Saperston also plans to work with Dr. Vijendra Singh, a biology research professor at USU, in the new field of psychoneuroimmunology, attempting to verify the connection between music and immunity.

A study at Temple University showed that music did increase the immune response. Groups of research subjects were given music alone, imagery (imagining themselves in a state of wellness and wholeness) alone, a combination of the two, and silence.

The first two groups showed a significant increase in immune response; the third group did not increase, perhaps because the music and imagery were not compatible, and the group subjected to silence decreased. Researchers concluded that music did significantly increase the immune response, and that imagery can profitably be health-directed.

"We believe that the hypothalamus is the brain center directly connected with the limbic system, which processes emotion, and imagery formation," he said. "The hypothalamus is also linked with the pituitary gland, which controls hormonal function. Biologists are finding that emotional responses have an effect on the pituitary gland through the hypothalamus, which results in the release of hormones that help you deal with stress and feel good.

"People are healthier when they are happy," he said, "and people who receive placebos that they believe in often do get better. Research has shown that you metabolize according to how you feel about it. Music may eventually play a large part in elevating the spirits, contributing to a positive immune response."

Saperston is setting up a laboratory to personally investigate the possibilities of vibro-acoustic therapy, along the lines of experiments carried out by Olav Skille and Tony Wigram, working in Norway and England, respectively.

The value of ultrasound, or very high-frequency sound waves, to promote healing and well-being is well-known. But now vibro-acoustic therapy, utilizing low-frequency sound vibrations, is achieving physical, emotional and cognitive responses from people who had seemed inaccessible to other forms of contact.
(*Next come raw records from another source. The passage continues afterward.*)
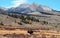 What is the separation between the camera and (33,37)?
1950 cm

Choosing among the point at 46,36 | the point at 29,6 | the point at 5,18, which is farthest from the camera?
the point at 29,6

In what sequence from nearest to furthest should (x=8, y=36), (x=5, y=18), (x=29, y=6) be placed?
(x=8, y=36) < (x=5, y=18) < (x=29, y=6)

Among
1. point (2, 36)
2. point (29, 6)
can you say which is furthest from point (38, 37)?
point (29, 6)

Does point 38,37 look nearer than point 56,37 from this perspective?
Yes

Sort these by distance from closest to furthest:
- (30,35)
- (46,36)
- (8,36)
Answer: (8,36) → (30,35) → (46,36)

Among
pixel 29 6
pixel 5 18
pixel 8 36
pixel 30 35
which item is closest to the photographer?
pixel 8 36

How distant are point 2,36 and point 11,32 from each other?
3.43 ft

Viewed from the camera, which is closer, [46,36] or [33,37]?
[33,37]

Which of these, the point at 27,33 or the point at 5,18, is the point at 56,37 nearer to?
the point at 27,33

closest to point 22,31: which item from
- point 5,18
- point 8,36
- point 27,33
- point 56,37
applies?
point 27,33

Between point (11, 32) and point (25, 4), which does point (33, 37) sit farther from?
point (25, 4)

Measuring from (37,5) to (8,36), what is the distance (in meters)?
120

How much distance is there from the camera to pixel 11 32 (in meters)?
18.9

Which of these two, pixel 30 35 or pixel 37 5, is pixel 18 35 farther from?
pixel 37 5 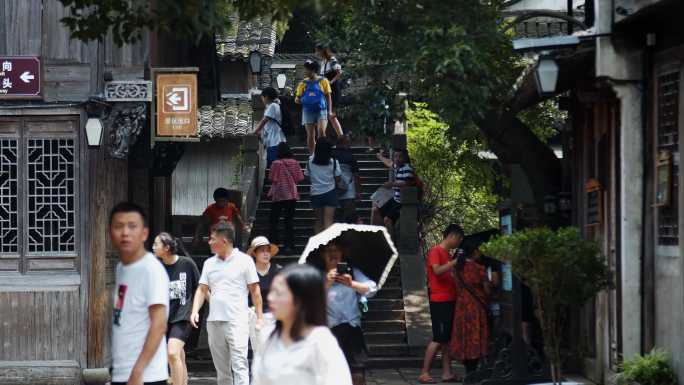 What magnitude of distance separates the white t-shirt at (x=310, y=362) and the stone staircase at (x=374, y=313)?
12.7 m

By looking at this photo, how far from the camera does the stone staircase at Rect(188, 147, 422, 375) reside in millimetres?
19844

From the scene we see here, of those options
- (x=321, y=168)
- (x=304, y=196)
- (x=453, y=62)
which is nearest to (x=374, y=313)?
(x=321, y=168)

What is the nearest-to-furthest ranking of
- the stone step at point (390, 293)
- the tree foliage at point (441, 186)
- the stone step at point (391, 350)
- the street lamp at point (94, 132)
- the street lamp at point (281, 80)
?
the street lamp at point (94, 132)
the stone step at point (391, 350)
the stone step at point (390, 293)
the tree foliage at point (441, 186)
the street lamp at point (281, 80)

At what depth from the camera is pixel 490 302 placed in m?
18.1

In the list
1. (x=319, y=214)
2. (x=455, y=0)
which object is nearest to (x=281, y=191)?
(x=319, y=214)

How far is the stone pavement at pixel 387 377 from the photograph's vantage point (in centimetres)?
1792

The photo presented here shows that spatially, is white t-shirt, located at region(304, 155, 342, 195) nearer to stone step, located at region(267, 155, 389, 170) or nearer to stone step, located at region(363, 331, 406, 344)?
stone step, located at region(363, 331, 406, 344)

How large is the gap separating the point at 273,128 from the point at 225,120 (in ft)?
26.4

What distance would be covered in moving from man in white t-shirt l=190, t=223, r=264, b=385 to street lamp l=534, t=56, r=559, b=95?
366 centimetres

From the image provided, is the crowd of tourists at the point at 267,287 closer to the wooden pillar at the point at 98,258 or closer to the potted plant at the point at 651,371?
the wooden pillar at the point at 98,258

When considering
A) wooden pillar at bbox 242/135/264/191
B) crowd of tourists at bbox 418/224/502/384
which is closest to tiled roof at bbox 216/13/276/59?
wooden pillar at bbox 242/135/264/191

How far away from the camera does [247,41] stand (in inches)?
1388

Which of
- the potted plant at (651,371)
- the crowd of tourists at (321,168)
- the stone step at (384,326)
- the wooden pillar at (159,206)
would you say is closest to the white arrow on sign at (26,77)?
the crowd of tourists at (321,168)

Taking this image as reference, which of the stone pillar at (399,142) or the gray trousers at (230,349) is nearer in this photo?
the gray trousers at (230,349) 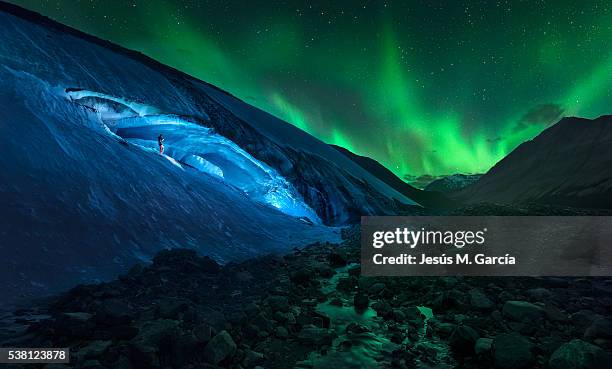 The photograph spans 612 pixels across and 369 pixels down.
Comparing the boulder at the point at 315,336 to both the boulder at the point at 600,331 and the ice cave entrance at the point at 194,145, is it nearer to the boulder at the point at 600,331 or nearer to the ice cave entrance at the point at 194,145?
the boulder at the point at 600,331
The benefits of low-frequency sound in healing have been known for thousands of years, and in primitive cultures such sounds were used in healing.

In Norway in 1980, researchers devised the "music bath," or low-frequency sound massage, with multiple speakers delivering the sound waves directly to the body ofthe client through a mattress.
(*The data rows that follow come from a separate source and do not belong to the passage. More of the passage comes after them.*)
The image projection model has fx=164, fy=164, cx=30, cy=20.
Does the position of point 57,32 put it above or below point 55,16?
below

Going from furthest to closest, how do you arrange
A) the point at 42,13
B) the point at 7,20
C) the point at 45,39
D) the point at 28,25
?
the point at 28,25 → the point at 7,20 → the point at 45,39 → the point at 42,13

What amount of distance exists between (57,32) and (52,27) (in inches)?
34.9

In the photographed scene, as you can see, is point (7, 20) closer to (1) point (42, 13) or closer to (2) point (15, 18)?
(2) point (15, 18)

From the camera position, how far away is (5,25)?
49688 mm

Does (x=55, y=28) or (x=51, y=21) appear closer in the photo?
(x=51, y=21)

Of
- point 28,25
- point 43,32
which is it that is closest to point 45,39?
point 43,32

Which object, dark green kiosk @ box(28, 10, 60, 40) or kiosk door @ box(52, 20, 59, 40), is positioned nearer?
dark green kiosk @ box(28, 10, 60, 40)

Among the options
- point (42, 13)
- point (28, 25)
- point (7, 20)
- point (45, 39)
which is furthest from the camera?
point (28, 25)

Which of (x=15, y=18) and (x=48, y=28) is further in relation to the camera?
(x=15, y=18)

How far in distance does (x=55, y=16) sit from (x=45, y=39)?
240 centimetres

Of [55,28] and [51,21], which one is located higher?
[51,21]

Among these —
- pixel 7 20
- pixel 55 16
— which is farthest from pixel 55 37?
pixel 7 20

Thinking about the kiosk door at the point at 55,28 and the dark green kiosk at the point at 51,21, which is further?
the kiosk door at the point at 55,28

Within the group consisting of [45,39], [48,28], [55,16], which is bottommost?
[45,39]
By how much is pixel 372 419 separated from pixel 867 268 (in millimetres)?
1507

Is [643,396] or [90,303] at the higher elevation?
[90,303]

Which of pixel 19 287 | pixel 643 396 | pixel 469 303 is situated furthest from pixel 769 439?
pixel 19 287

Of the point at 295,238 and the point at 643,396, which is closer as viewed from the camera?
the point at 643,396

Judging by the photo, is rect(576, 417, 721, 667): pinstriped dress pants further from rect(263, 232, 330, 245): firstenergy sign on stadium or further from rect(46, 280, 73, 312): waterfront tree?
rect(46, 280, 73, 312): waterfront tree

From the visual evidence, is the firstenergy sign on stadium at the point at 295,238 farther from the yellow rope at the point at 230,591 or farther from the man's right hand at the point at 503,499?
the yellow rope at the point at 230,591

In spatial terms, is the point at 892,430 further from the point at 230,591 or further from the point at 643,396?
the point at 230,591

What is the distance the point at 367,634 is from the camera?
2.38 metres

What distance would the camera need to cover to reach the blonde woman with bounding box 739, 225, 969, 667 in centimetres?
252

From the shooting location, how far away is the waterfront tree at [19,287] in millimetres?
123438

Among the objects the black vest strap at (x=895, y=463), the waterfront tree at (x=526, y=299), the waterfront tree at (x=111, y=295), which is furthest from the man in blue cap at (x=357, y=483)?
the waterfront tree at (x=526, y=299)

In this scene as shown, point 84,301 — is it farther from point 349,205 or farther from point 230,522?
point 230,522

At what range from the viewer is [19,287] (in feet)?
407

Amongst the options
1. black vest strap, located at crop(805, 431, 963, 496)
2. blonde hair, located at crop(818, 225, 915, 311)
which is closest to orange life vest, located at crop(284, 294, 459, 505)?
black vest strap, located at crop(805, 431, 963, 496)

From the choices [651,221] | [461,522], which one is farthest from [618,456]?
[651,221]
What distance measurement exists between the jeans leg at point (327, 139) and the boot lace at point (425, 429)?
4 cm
The music used with this vibratory music bed is recorded over a pulsed, low-frequency tone, and is invariably gentle, improvised and without pronounced rhythm, such as soothing "new age" music. Music has been written specifically for this therapeutic process, for example an improvisation on the tone E by the Finnish composer Otto Romanovski.

After five years of experimentation, a conference was held in 1987 to see what had been accomplished. Positive reports from music therapists, physiotherapists, nurses and teachers indicated that vibro-acoustic therapy was effective in treating disorders ranging from rheumatoid conditions to circulation problems and muscle spasms, even as severe as cerebral palsy.
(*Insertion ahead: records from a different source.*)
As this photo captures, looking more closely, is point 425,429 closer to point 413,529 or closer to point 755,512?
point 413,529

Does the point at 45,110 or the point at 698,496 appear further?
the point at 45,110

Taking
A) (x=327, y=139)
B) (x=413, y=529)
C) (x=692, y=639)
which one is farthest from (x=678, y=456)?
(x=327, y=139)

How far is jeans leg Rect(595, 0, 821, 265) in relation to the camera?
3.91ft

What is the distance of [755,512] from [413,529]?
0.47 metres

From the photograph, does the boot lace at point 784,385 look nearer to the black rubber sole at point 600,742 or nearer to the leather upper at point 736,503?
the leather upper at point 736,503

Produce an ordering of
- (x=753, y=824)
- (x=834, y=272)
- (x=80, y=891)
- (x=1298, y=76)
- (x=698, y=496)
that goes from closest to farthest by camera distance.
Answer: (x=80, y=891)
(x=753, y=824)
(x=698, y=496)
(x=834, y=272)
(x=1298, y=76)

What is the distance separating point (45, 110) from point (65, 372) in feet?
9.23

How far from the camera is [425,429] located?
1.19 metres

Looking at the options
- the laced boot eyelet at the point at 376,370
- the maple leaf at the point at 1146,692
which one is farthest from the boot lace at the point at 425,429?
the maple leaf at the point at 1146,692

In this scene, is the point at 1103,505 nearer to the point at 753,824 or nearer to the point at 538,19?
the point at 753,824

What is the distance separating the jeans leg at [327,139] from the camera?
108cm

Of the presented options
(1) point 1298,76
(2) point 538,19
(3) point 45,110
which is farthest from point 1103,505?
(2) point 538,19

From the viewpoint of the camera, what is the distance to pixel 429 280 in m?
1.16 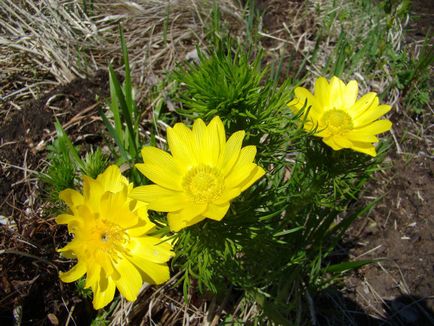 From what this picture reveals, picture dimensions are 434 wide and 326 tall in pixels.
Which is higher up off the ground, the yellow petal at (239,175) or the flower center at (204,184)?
the yellow petal at (239,175)

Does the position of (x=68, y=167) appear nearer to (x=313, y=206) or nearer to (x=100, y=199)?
(x=100, y=199)

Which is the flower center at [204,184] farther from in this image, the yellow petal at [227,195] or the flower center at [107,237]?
the flower center at [107,237]

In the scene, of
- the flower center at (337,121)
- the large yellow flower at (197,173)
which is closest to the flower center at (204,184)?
the large yellow flower at (197,173)

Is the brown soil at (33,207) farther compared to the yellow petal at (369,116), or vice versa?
the brown soil at (33,207)

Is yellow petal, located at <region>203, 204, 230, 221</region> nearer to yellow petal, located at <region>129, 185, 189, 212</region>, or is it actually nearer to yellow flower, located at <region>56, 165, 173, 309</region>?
yellow petal, located at <region>129, 185, 189, 212</region>

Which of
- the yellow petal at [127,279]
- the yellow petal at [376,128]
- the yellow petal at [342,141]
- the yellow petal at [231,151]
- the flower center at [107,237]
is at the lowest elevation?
the yellow petal at [127,279]

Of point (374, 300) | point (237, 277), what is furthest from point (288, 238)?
point (374, 300) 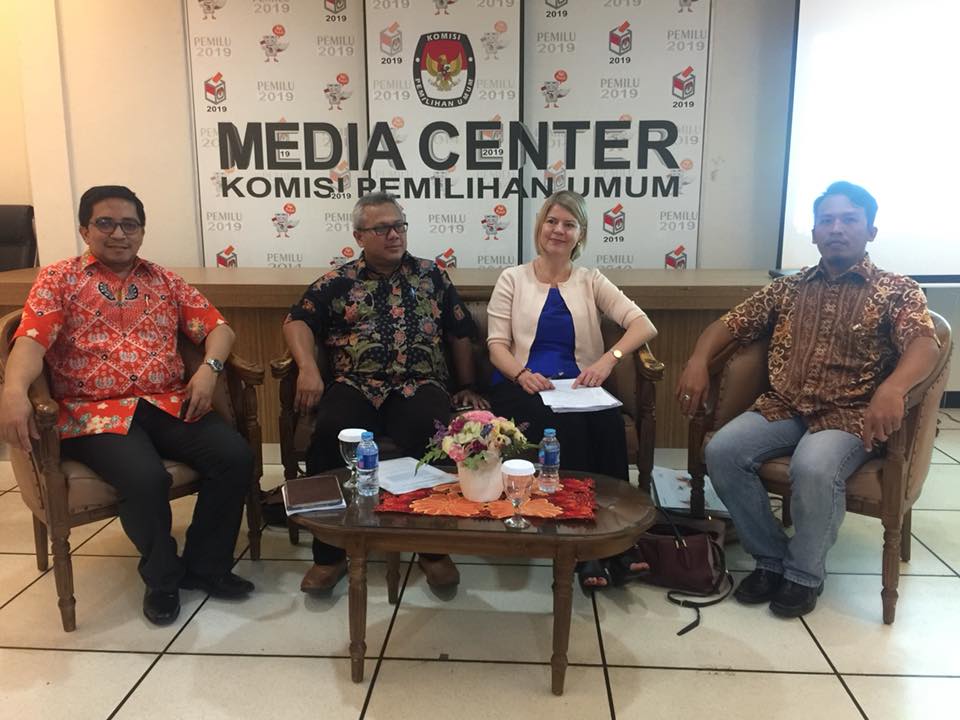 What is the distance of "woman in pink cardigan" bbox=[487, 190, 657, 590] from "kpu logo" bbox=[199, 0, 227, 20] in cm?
217

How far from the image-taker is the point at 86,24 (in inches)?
154

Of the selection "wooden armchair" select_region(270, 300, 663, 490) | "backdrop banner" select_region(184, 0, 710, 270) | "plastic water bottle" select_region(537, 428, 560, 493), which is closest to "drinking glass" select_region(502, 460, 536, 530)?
"plastic water bottle" select_region(537, 428, 560, 493)

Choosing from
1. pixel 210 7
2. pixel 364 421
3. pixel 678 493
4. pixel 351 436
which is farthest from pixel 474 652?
pixel 210 7

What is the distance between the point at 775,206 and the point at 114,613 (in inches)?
136

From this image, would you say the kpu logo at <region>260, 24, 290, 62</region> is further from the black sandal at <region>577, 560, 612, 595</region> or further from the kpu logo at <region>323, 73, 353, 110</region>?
the black sandal at <region>577, 560, 612, 595</region>

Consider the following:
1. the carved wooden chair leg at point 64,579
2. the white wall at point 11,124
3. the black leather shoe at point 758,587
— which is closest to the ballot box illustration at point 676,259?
the black leather shoe at point 758,587

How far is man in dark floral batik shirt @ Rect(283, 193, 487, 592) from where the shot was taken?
2.63m

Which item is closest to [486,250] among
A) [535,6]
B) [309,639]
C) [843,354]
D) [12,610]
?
[535,6]

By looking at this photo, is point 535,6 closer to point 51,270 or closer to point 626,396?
point 626,396

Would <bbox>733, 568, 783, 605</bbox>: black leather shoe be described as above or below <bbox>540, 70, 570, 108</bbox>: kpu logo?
below

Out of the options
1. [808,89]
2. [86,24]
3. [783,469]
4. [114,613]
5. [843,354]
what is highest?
[86,24]

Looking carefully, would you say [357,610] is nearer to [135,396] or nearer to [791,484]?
[135,396]

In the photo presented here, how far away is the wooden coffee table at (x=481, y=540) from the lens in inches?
73.9

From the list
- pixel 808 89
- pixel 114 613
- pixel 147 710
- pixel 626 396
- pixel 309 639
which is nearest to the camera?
pixel 147 710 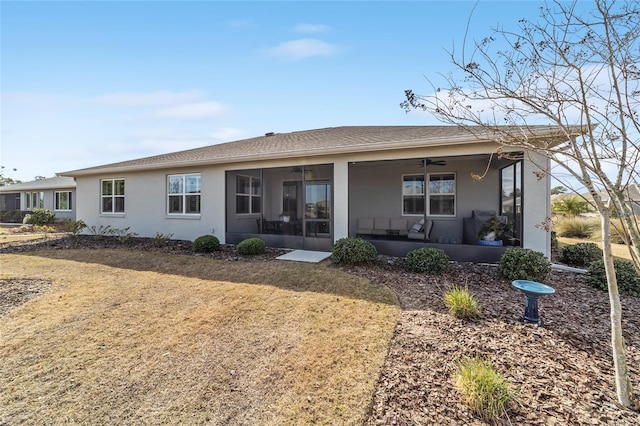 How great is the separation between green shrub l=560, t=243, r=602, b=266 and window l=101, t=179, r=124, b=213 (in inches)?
633

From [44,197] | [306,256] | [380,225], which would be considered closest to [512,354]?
[306,256]

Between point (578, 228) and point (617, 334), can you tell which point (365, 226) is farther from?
point (578, 228)

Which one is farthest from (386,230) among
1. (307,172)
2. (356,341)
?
(356,341)

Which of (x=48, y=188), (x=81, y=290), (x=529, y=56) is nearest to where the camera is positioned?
(x=529, y=56)

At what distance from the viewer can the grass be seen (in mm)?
2396

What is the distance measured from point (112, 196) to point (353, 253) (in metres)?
11.8

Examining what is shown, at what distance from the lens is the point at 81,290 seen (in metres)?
5.45

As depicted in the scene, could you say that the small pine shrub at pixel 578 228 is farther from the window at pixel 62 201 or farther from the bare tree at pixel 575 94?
the window at pixel 62 201

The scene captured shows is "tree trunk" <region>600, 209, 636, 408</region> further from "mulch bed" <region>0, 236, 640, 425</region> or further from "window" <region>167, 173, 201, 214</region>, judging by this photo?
"window" <region>167, 173, 201, 214</region>

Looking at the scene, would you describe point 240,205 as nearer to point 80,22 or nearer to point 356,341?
point 80,22

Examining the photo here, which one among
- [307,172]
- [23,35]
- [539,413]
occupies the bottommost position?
[539,413]

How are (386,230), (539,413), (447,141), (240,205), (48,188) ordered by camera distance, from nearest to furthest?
(539,413) < (447,141) < (386,230) < (240,205) < (48,188)

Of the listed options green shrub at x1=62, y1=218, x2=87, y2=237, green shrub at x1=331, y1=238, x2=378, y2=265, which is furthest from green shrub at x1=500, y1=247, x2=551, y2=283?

Researchers found consistent relief of pain, with benefits extending to sports injuries and over-use syndromes. This therapy also benefits insomniacs, who tend to return to normal sleep patterns after treatment. In palsy victims, deterioration of muscles and onset of fixed deformities can be delayed.

Among aged clients using the vibratory equipment, technicians noted reduction in muscle spasm, loosening of fixed limbs and muscles, return to mobility, decrease in pain and resultant happier attitude. Even edema seems to yield somewhat to low-frequency sound treatment, because of improved circulation.

Therapists working with the aged or spastic in Harperbury Hospital near St. Albans in England have found that vibro-acoustic treatment results in relaxation in half the time that physical therapy takes; and patients enjoy and look forward to their treatments. Two or three treatments weekly have resulted in improved movement in the range of 13 to 30 percent over a period of time.

The time may come when vibro-acoustic therapy will be a prescribed treatment for certain ills, said Saperston, who along with Singh will investigate its potential for increasing immunity.